I thought that Grant Morrison was supposed to have sorted out DC cosmology a decade ago? (Hypertime, was it?) Are we already due for a meta-reboot?


We start with three wordless pages -- nine long thin panels -- showing different groups of heroes on different kinds of spaceships. One ship has Hawkman and Big Barda and Mr Miracle; another has some Green Lanterns and Wonder Girl; one has the JLA; another has Shazam and all the little Shazams and one even has Swamp Thing and John Constantine. (Does the idea of John Constantine on a spaceship to Mars go against the whole idea of John Constantine? Can any such character as Spider-Man continue to exist in a Universe where a character called Spider-Man can fight Thanos in Outer Space?) I thought this was quite fun; recalling the endless shifting battle fronts in the original Crisis on Infinite Earths, but it is also a pretty cheap way of getting my attention. Hey kid, here are some superheroes. And here are some more superheroes. And here are even more superheroes! Superheroes! Superheroes! Superheroes!

Last issue, Firestorm apparently lost control of his powers and nuked Moscow -- and incidentally put Superman in a coma -- which the Russians are treating as an act of War. But in fact the explosion wasn't caused by Firestorm: it was apparently caused by Doctor Manhattan. On Mars. Except it may not have been. So all the heroes who are still standing fly off to Mars to confront Doctor Manhattan. Batman isn't convinced this is a great idea.

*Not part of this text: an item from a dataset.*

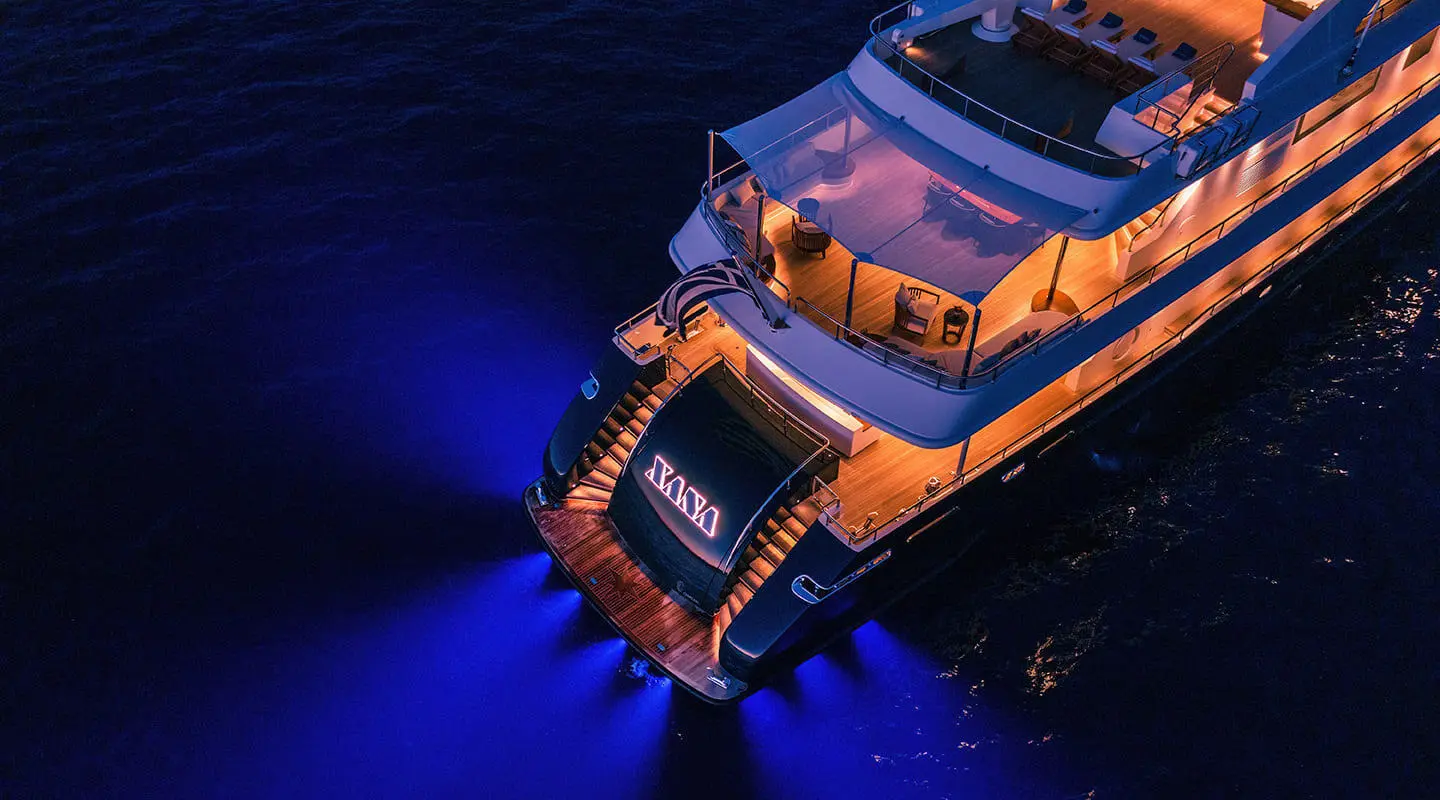 Overhead view of Xana luxury yacht at night, blue water surrounding, warm deck lights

Bits and pieces of what follows are not unfun. Green Lantern envelopes Mars in a big green sphere and Firestorm turns the atmosphere into something the humans can breathe. Guy Gardner punches Doctor Manhattan. One of the younger Shazams finds his nudity "gross". Doctor Manhattan provides a scientific explanation for "magic". Captain Atom kills Doctor Manhattan, but he gets better. Once everyone has had a go, Doctor Manhattan knocks them all out with pretty much a wave of his hand.

The next issue primarily consists of Doctor Manhattan talking to himself. Since he ran away from Earth-WM and arrived on Earth-DC he has been observing all the ret-cons and reboots from the inside. He arrives on Earth-DC in 1938 and hears news reports of Superman's first appearance. (A man in a wrestling costume so strong that he can lift a car!) But when he follows the news story up, Superman is not there: because his arrival on earth has been pushed forward to 1956 and then to 1986. Each time the date of Superman's nativity changes, Earth-DC changes around him. It's quite fun to see the different iterations of Superman laid out side by side -- Pa and Ma Kent finding a pointy space rocket in one of their fields; and Jonathan and Martha stumbling on a John Byrne incubation sphere; Superman's dad telling him to go to Metropolis and become a Superhero from his death bed; Superman's ageing Mum knitting his first Superman costume for him. Doctor Manhattan witnesses the first meeting of the Justice Society (which is of course a lot like the first meeting of the Minute-men, only less rapey). In one version they are waiting for Superman to turn up; in another version Superman is not invited because he doesn't exist.


Doctor Manhattan himself starts to deliberately affect changes in continuity. He prevents Alan Scott becoming Green Lantern; which appears to prevent the formation of the Justice Society; and due to some jiggery pokery with a flight ring that went completely over my head, he prevents the Legion of Superheroes from coming into being as well. He also seems to cause Superman's earth parents to die in a car crash just before he leaves high school, as foreshadowed in Clark's dream in issue #1. The result is that the Superman of Doomsday Clock is more detached from the rest of humanity than the standard DC version. More like Doctor Manhattan.

So, are you ready now: here comes Geoff Johns' Great Big Idea which will change the DC universe forever, or at least until next summer.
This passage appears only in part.